Government announces licensing scheme for Botox and fillers
The Government has confirmed an intention to introduce licensing for non-surgical cosmetic procedures including Botox and fillers.
Practitioners offering Botox or fillers will be required to have a licence, with the proposed legislation making it an offence to perform injectable treatments without one.
The proposed amendment to the Health and Care Bill is being discussed in parliament today (March 1) and would give the Secretary of State for Health and Social Care the power to introduce a licensing regime.
Details of the scheme will be finalised following additional research, including a public consultation.
Health and Social Care Secretary Sajid Javid said: “While most of those in the aesthetics industry follow good practice when it comes to patient safety, far too many people have been left emotionally and physically scarred after botched cosmetic procedures.
“I am committed to protecting patient safety by making it an offence for someone to perform these cosmetic procedures without a licence."
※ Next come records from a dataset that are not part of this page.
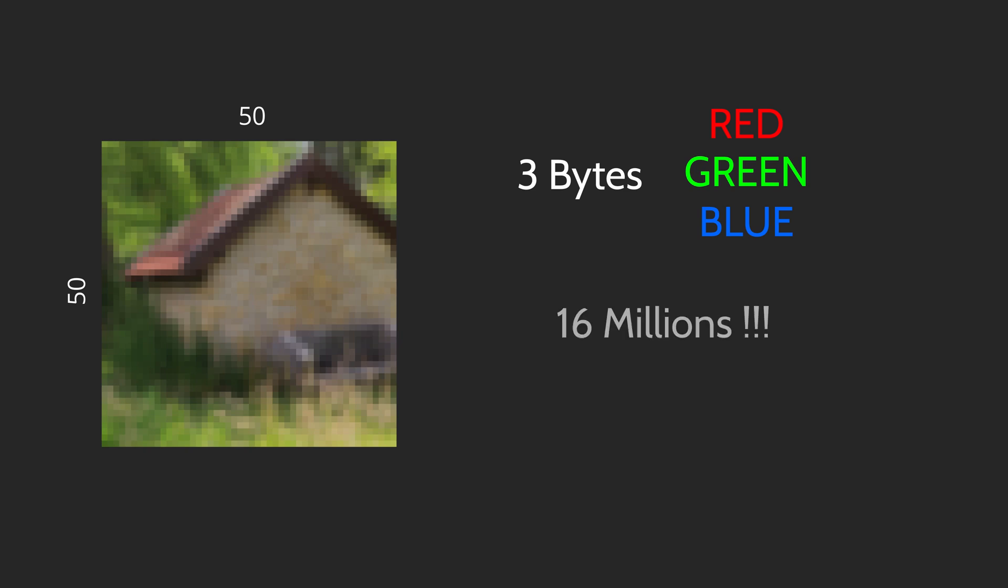But it comes with a cost, which is that each pixel needs 3 bytes. So the final size of the image is 7.5 kilobytes.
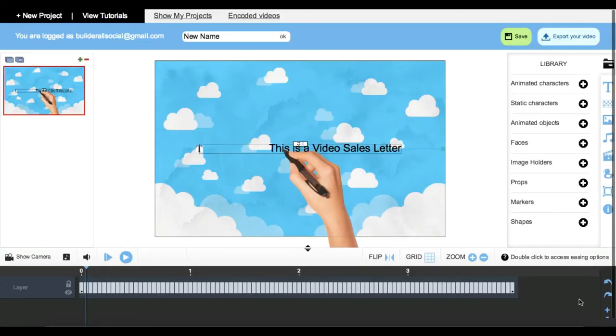To learn more, just go ahead and open up the animated videos tool, play around a little bit, and then go and watch some of our tutorial videos to get started. Thank you and I'll talk to you next time.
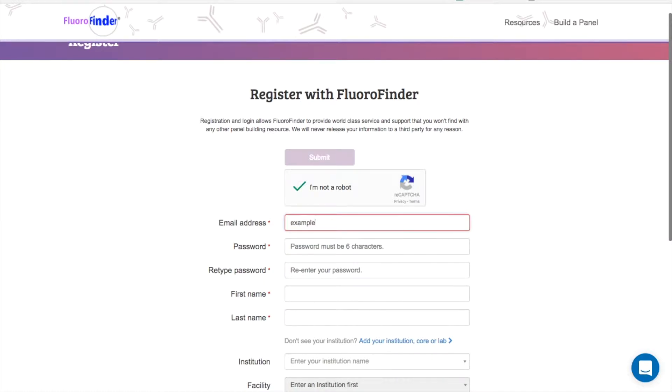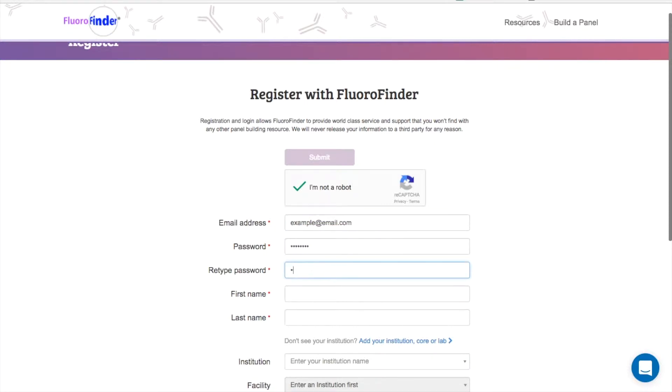If you haven't done so already, go ahead and create an account. This will allow you to follow along and practice building a panel without interruption.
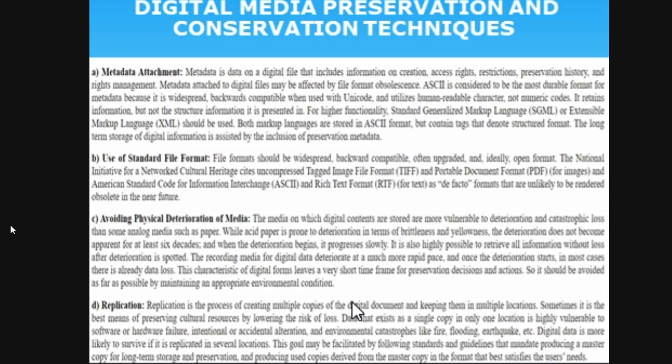Metadata attachment is very important. Use of standard file formats — RTF, PDF, or Word — should be wide and backward compatible so that conversion of file formats is easy. Avoiding physical destruction of media: the media on which digital content is stored should be maintained. If you store data only on a particular computer and it goes, everything is gone. But if you store it in a cloud, you can always retrieve it from another computer. Replication means duplicating and creating multiple copies.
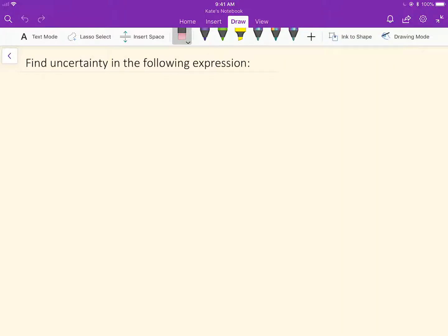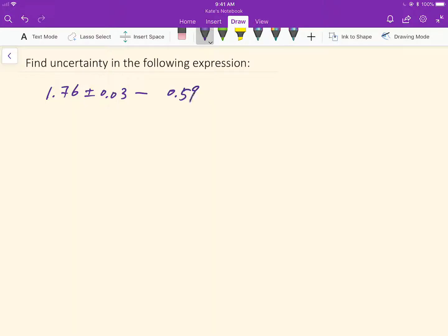In this video, let's do a real ACS exam problem by looking for uncertainty. Given 1.76 plus minus 0.03 minus 0.59 plus minus 0.02.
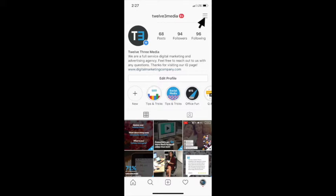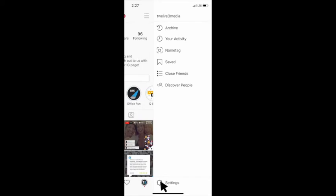You'll start by opening up your personal Instagram page as I have here. Select the hamburger button in the top right corner and this will lead you to your Instagram page menu.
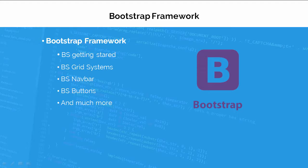We will be using Bootstrap framework in this course, which is the most popular responsive framework on this planet. I will teach you how to use Bootstrap grid system and I will show you how to add different Bootstrap components to your project.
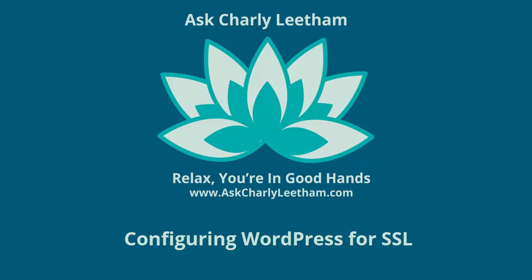G'day, it's Charlie. Following on from my last video on how to install an SSL certificate on your cPanel web server, I'm going to show you how to set up your WordPress website to use that certificate. This is a standalone video in that if you have SSL on your web server, no matter what you're using, you can use the process I'm about to show you on any WordPress website.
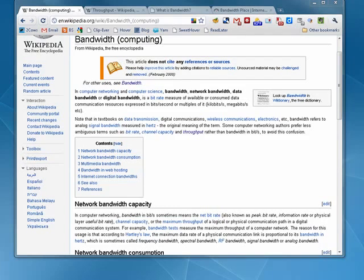Hi, this is Mike Callahan, Dr. FileFinder, and welcome to your Buttersession.com tutorial on what is bandwidth.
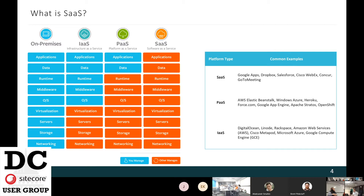SaaS is the next level of infrastructure. Software vendors providing you with different applications take care of the whole management, and you're simply presented with a login screen. You enter your credentials, go in, and start working with the software. You're not responsible for any infrastructure — just for paying a subscription fee. Good examples are Dropbox and Salesforce, which were pioneers in SaaS offerings, along with Cisco Webex, Concur, and GoToMeeting.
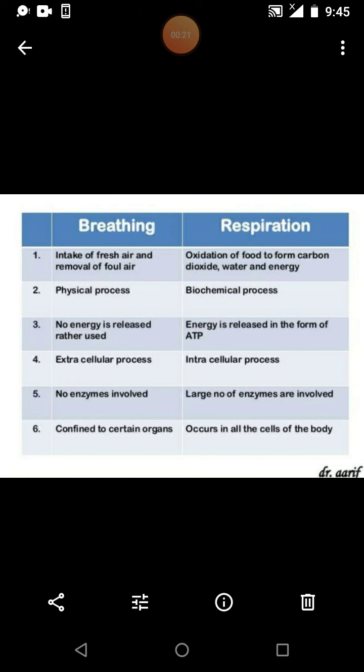The next topic is: what are the differences between breathing and respiration? You can see a tabular column in your textbook on page number 57, where the differences between respiration and breathing are given. We discussed what we mean by breathing.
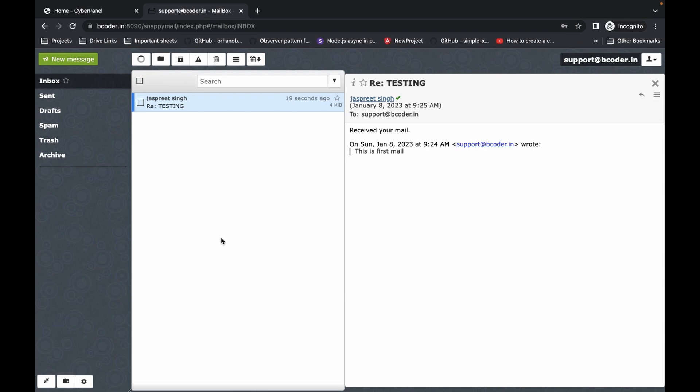If you get any issues or errors while installing CyberPanel, you can comment in the comment section — I would love to reply. If you like this video, please subscribe to my YouTube channel and press the bell icon for the latest video notifications. Thanks for watching.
Minister for Patient Safety Maria Caulfield added: “The spread of images on social media has contributed to an increase in demand for cosmetic procedures such as Botox and fillers.
“While these can be administered safely, we are seeing an unacceptable rise in people being left physically and mentally scarred from poorly performed procedures.
“Today’s amendment is the next step on the road to effective regulation of non-surgical cosmetic procedures in England.”
The licensing scheme will introduce standards that therapists carrying out non-surgical cosmetic procedures will have to meet, as well as hygiene and safety standards for premises.
The exact parameters of the treatment covered by the scheme have not been confirmed but a Government statement said it will focus on “those cosmetic procedures which, if improperly performed, have the potential to cause harm, such as Botox and fillers”.
The new licensing scheme is in addition to ongoing work with the Medicines and Healthcare products Regulatory Agency (MHRA) on the potential to bring certain devices, such as dermal fillers without a medical purpose, in scope of medical device regulations.
The licensing plan is the latest move by the Government to safeguard patients, following on from the legislation making it illegal to administer such treatments to under 18s, which came into force in October 2021, and the ban on adverts for cosmetic procudeured targeting under 18s in a bill due to come into force in May 2022.
Industry reaction to licences for Botox and fillers
Carolyn Harris MP and Judith Cummins MP, Co-Chairs of the APPG on Beauty, Aesthetics and Wellbeing, said: “We are thrilled to see the Government has accepted our recommendation to introduce a national licensing framework in law for non-surgical cosmetic treatments.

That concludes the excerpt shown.